Material for this task:
==============================
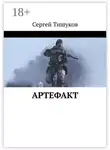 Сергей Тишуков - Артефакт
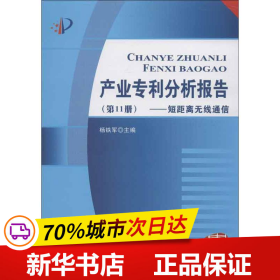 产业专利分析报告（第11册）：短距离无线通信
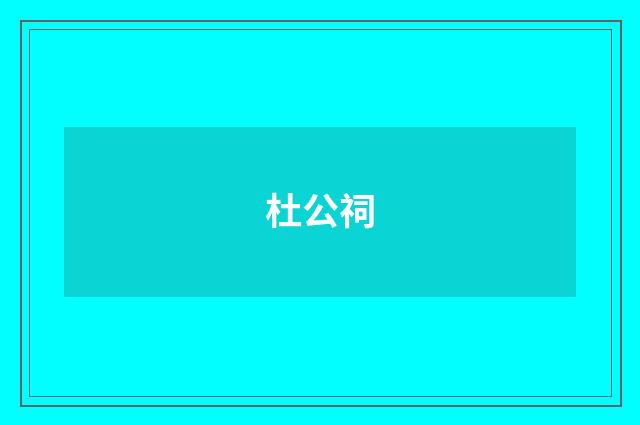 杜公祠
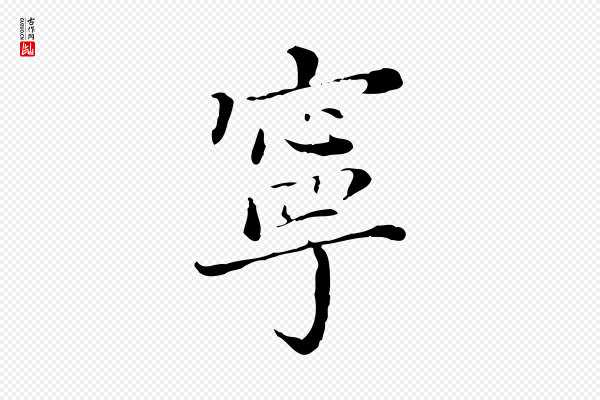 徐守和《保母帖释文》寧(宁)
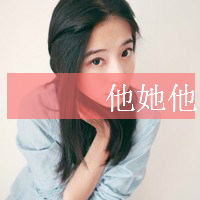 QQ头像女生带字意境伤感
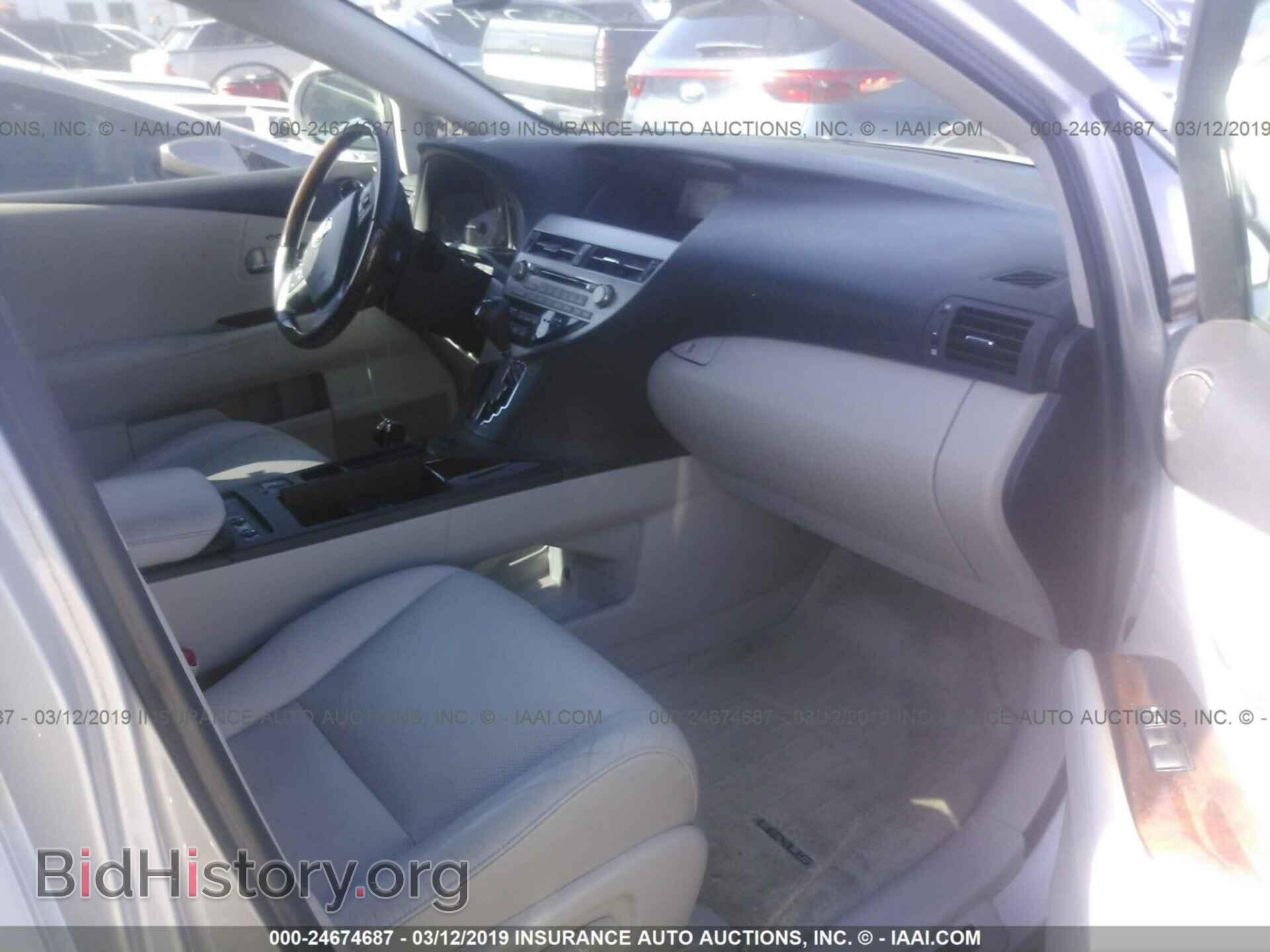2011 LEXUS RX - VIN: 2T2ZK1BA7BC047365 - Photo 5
==============================
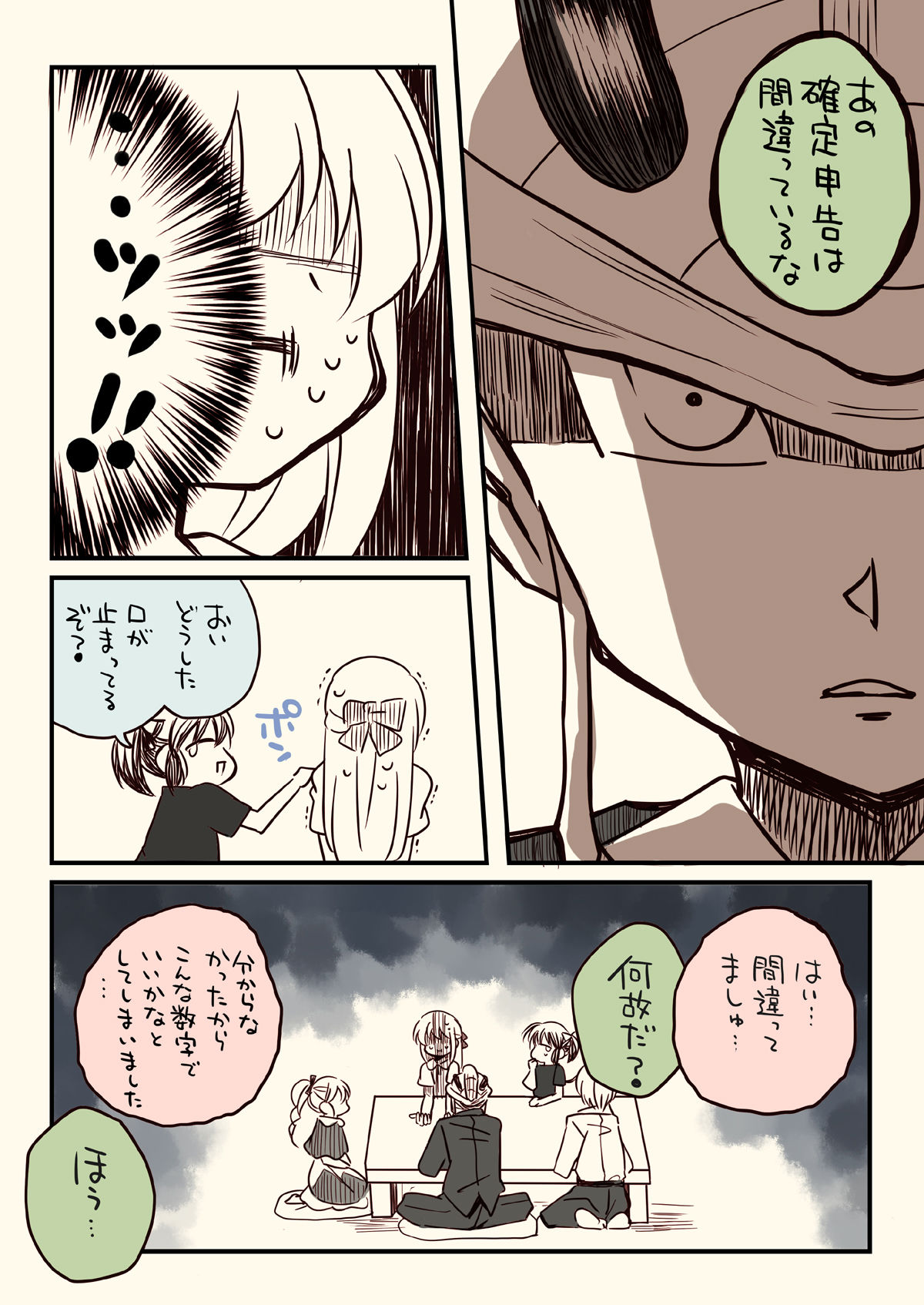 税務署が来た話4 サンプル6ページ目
==============================
What you should do:
Start at the line containing "Сергей Тишуков - Артефакт" above and stop at the line containing "2011 LEXUS RX". Output those lines exactly, both included, but none of the pictures.

Response to this exercise:
 Сергей Тишуков - Артефакт
 产业专利分析报告（第11册）：短距离无线通信
 杜公祠
 徐守和《保母帖释文》寧(宁)
 QQ头像女生带字意境伤感
2011 LEXUS RX - VIN: 2T2ZK1BA7BC047365 - Photo 5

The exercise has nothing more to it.